He opened his mouth to argue, but Martha and Alexis saved her from any more protests. Castle's mother owned the room in the quiet way people often forgot she was capable of. She could be larger and louder than life, almost certainly where Castle got it from, but she also had a depth to her, something that she tapped into in her more legitimate dramatic roles. Beckett had always felt slightly connected to that and even though the actress remained an acquaintance, the few times they had talked, seriously, she had seen someone worthy of her respect.

Alexis, on the other hand, was quieter than Beckett remembered her. She murmured her greeting and hung back behind her father, one hand curling around his shoulder protectively.

The conversation was short and polite, full of the usual well wishes, until they ran out of small talk. The silence invited the earlier tension back into the room. Castle met her eyes, silently asking a question. Beckett gave him the smallest shake of her head, so small that it didn't even look like a gesture to his family. He sighed in response.

"Richard, why don't you walk Alexis to school?" Martha made the suggestion amiably, but the persuasion in her tone was hard to argue with. "I'll wait until you get back. You should at least stop by the loft and change darling." She adopted the seat opposite her son.

He nodded once and Alexis just sighed. "I'm glad you're okay Detective Beckett," she said civilly but her smile was the first genuine one since they'd arrived.

Beckett made a note to ask Castle how his daughter was coping. It was one thing to witness a shooting at twenty after several months of training, having already imagined it a hundred times. It was entirely another to be sixteen and sheltered to the full extent of the horror and violence the world was capable of. She knew firsthand that the experience could shatter your illusions.

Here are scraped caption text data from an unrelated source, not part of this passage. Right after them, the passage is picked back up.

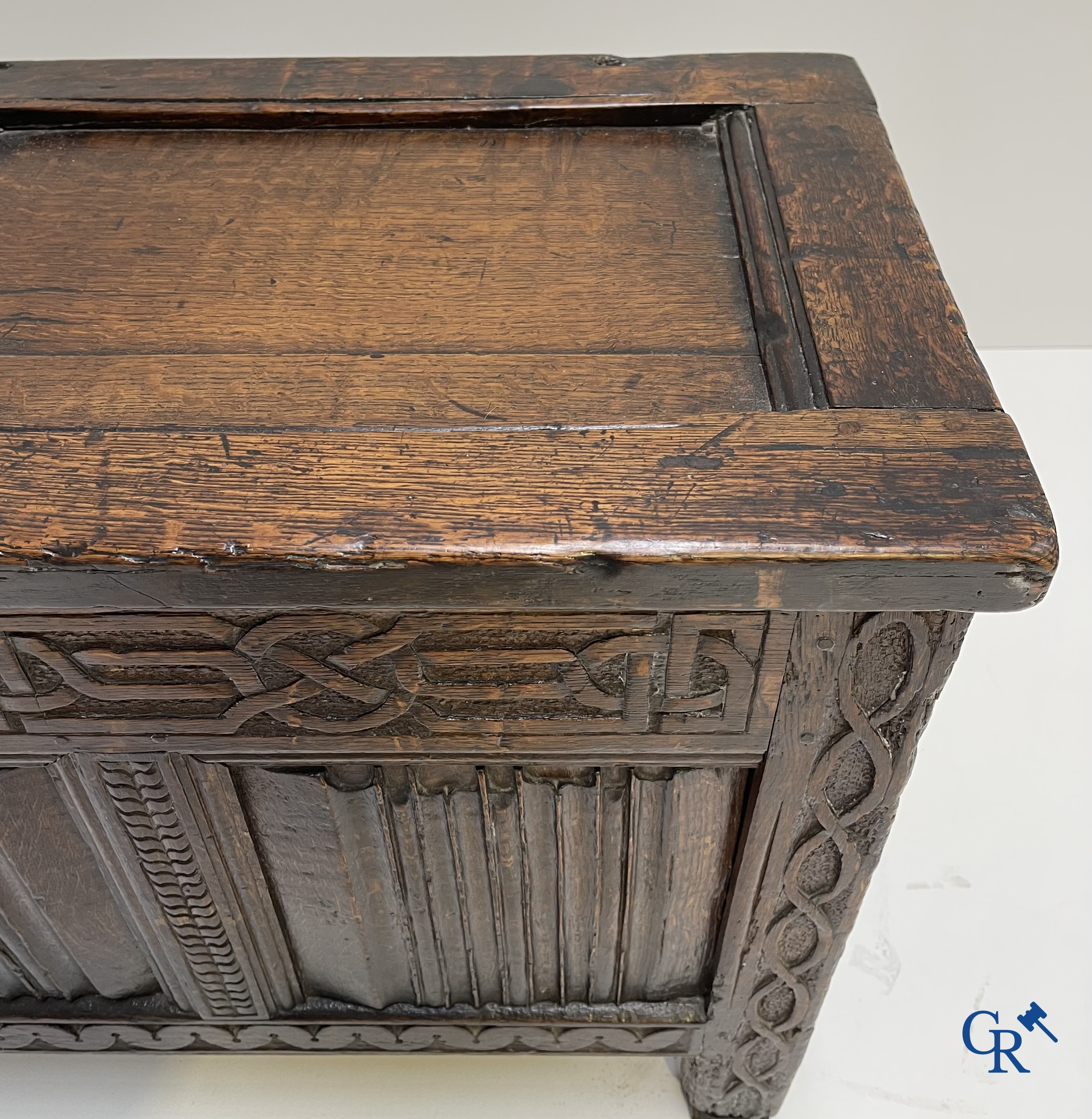 Eikenhouten koffer met briefpanelen in Gotische stijl. 16e-17e eeuw.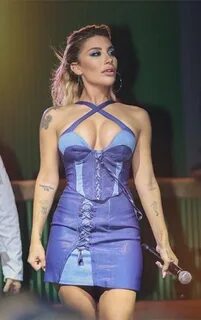 Atakan Işıktutan. ile yaşadığı aşkla adından söz ettiren ünlü şarkıcı İrem Derici...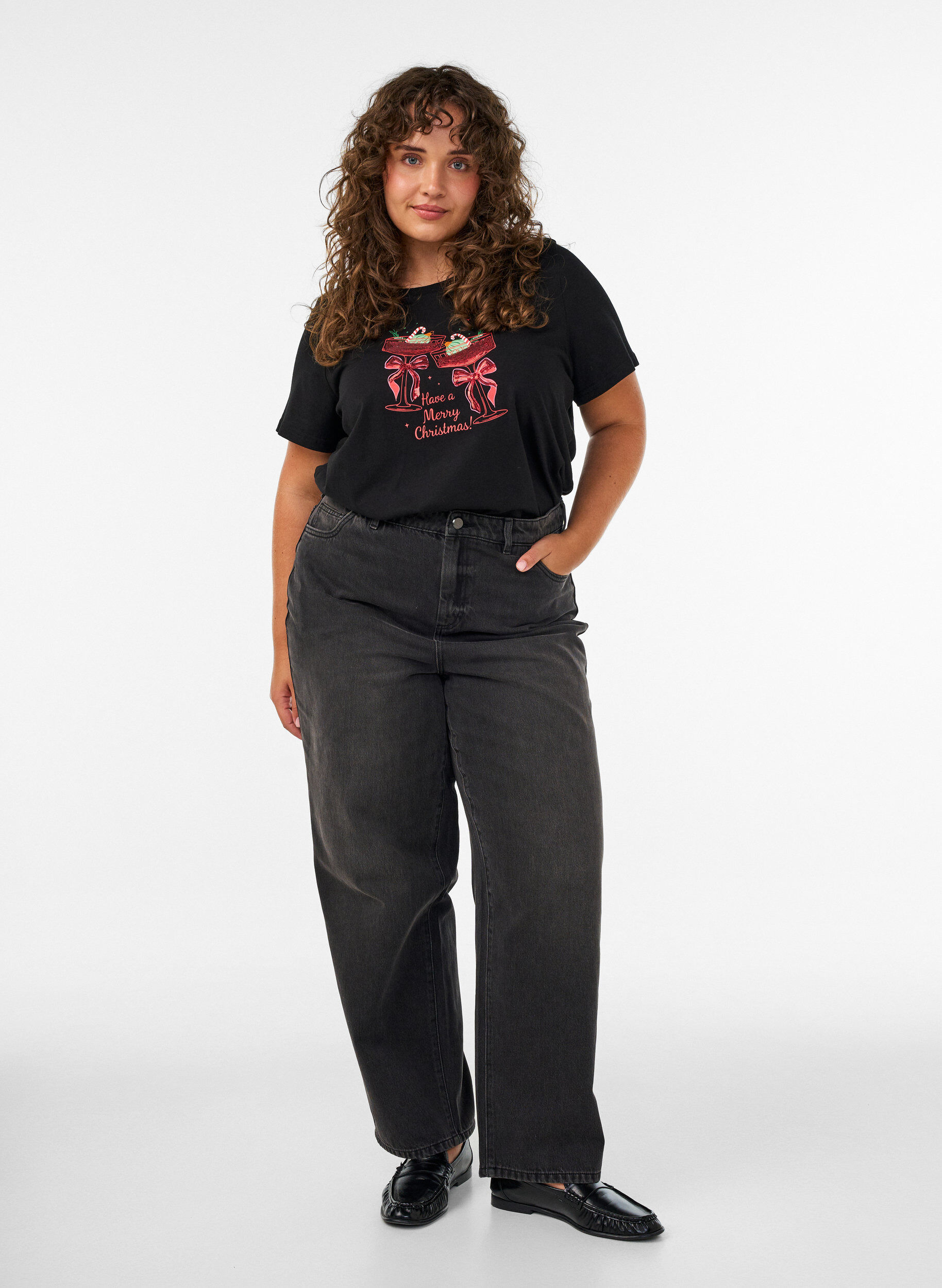 ZizziWeihnachts-T-Shirt aus Bio-Baumwolle, Schwarz, Model image number 1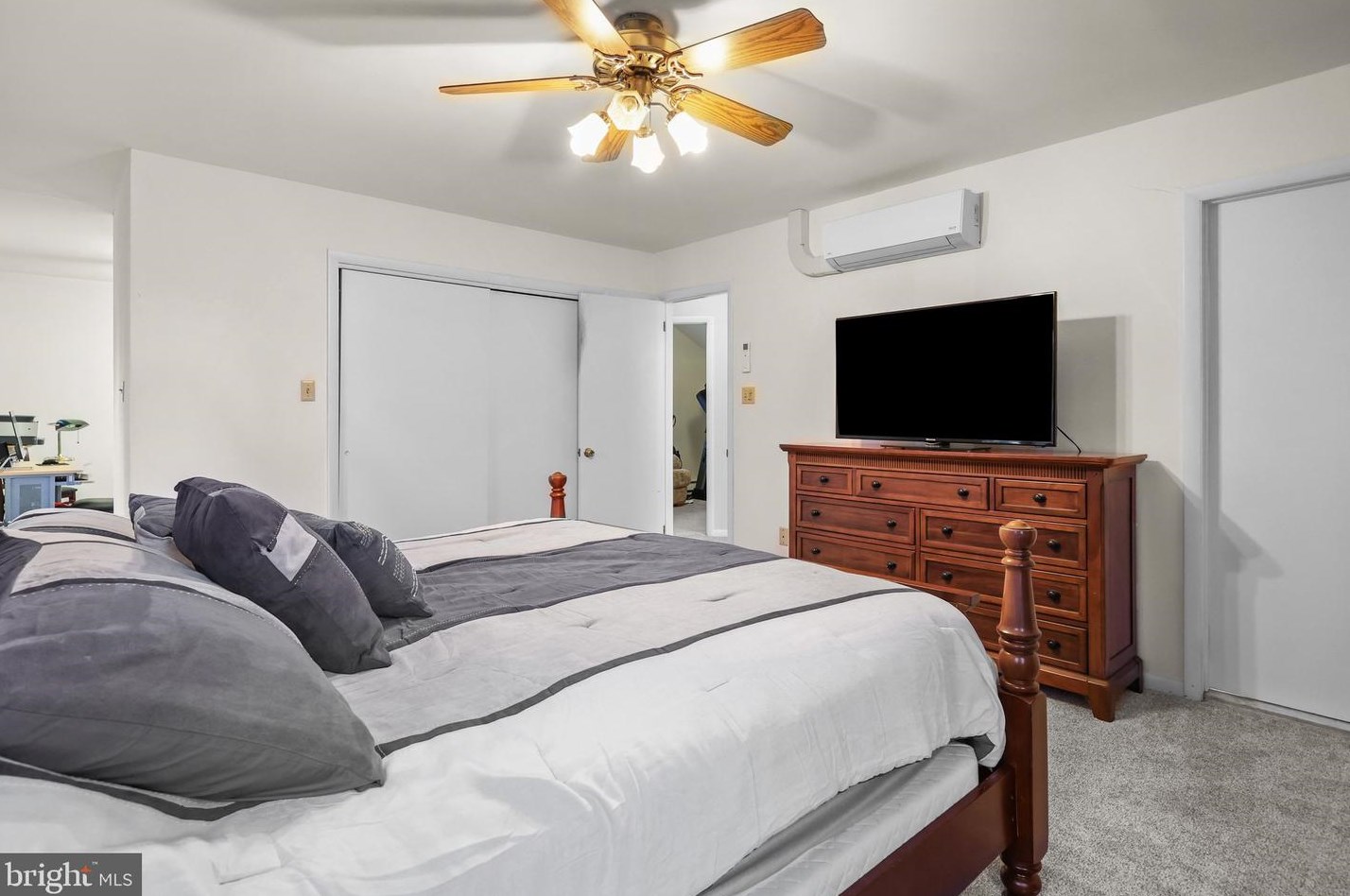 729 Butler Pike, Prospectville PA  19002-2309 exterior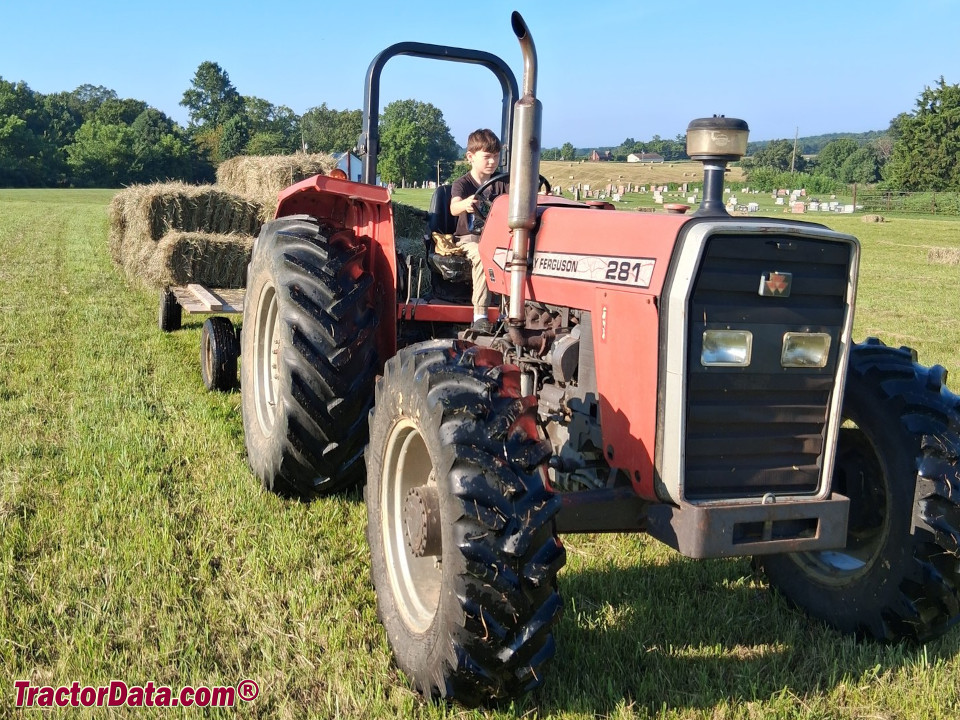 Massy Ferguson 281 utility tractor with four-wheel drive.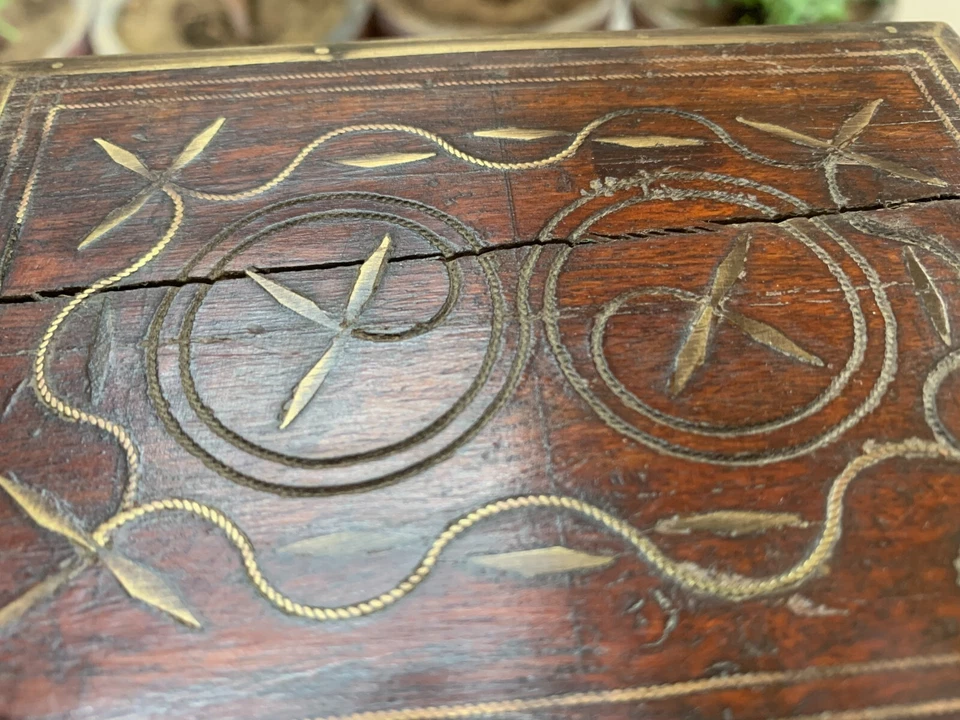 1890's Antique Hand Crafted Wooden Brass Indian Jewelry Box With Safety Key Lock - Image 4 of 4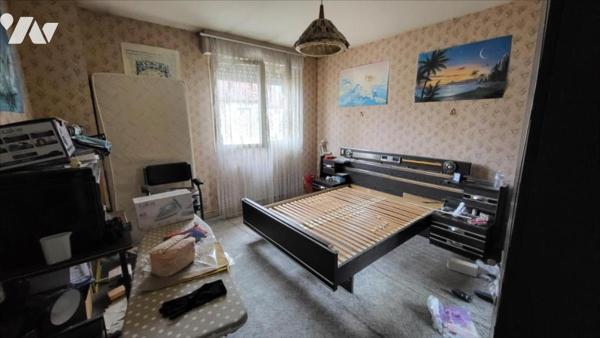 VALENTIGNEY, maison mitoyenne cinq pièces sur 1a 32ca de terrain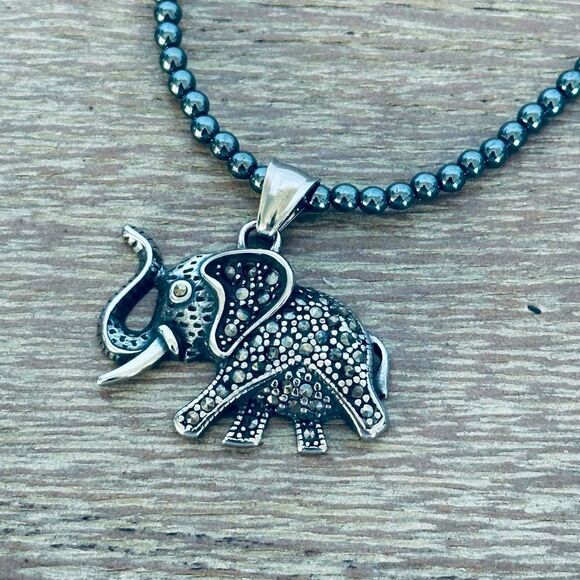 Silver Elephant Beaded Pendant Necklace - Picture 1 of 4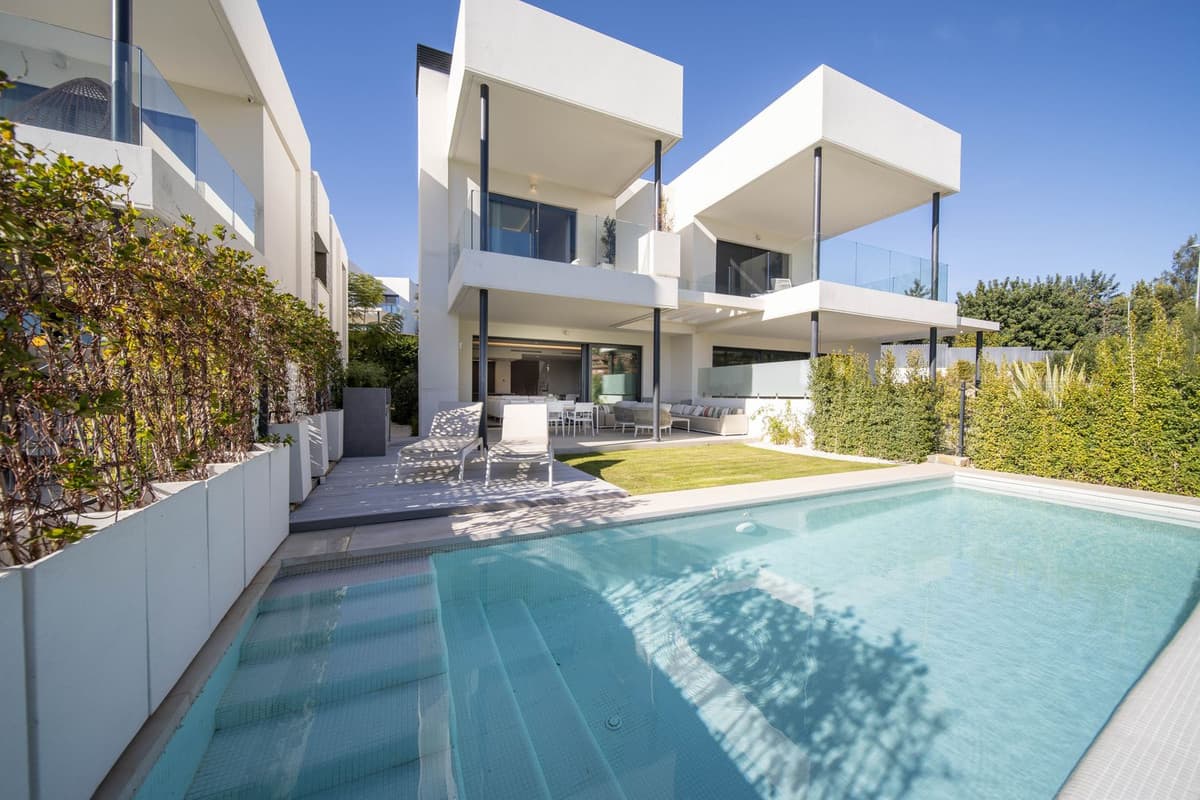 Semi-Detached House in Marbella — photo 2 of 10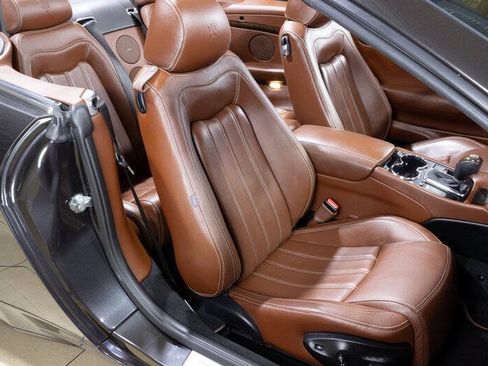 Used 2012 Maserati GranTurismo Convertible RWD image 51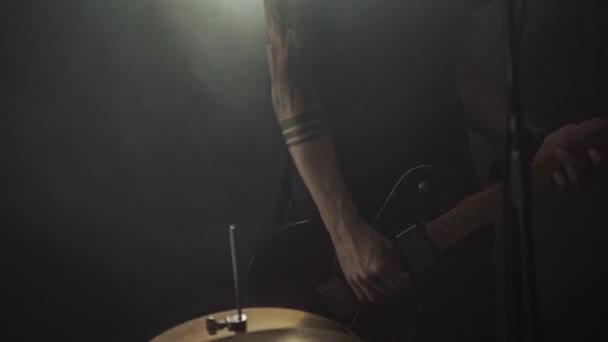 Ein Junger Gitarrist Spielt Hinter Dem Schlagzeug Einen Schlagzeuger — Stockvideo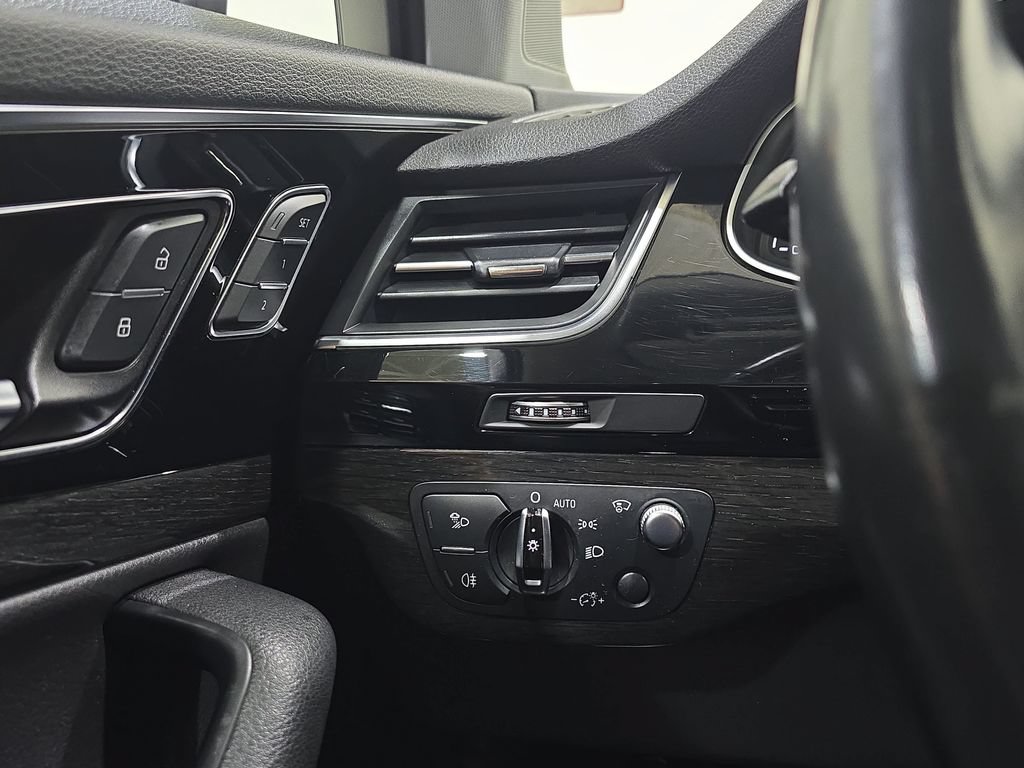 Used 2017 Audi Q7 3.0T Prestige w/ Prestige Package AWD/4WD image 29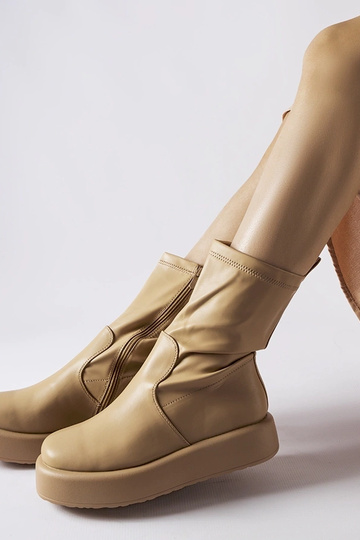 Bottines à plateforme... 2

When they were gone, Martha crossed her legs and began rummaging in her purse. "I bought you this." She pulled out a modest collection of books and made room for them on the table beside the bed. "I picked a wide selection, including some of the older ones. Richard mentioned you liked to re-read them."

"Oh Martha." Beckett reached out and let her fingers brush over the worn dust jacket of the first Derek Storm novel. "Thank you."

"Don't mention it. We would've bought flowers but not only the hospital gift shop was open at this hour and they were all starting to droop. There's nothing more intolerably depressing than wilted flowers, especially in a hospital room. Now, tell me, how are you reallyfeeling?"

"I've been better," she admitted. "But it's not too bad. Josh says it'll get worse before it gets better, when the anaesthesia wears off completely. But it's better than the alternative."

"In the long run, definitely. But don't let that stop you from complaining as much as you'd like in the meantime. Speaking of which, is Richard making a nuisance of himself?"

She shook her head. "No. But I think he'd live here if I let him. And I'm just not sure..."

"Of where you stand." Martha reached out and patted her hand. "Understandable. My son… he lives too much of his life in his own head to really have a sense of timing. I won't say any more about it, but I do hope you can forgive him for that. Now, I know people must be hovering in and out and about all day in this place. I can leave you for some time alone if you'd like."

"No, no, it's fine." Beckett still felt a little bit panicked at the idea of being left alone. It was irrational, and she certainly didn't intend to tell anyone about it, but she wasn't quite ready to confront that post-traumatic fear. She swiped her fringe from her face and made a face at how dirty it felt. "I keep forgetting there's blood in my hair."

"That we can fix." Martha was up and out of the room before Beckett even had a chance to process any of it. She returned brandishing a bowl of warm soapy water and two hospital-monogramed towels slung over both shoulders. "It's not shampoo I'm afraid, and we're not to get any on your dressings, but we'll make do."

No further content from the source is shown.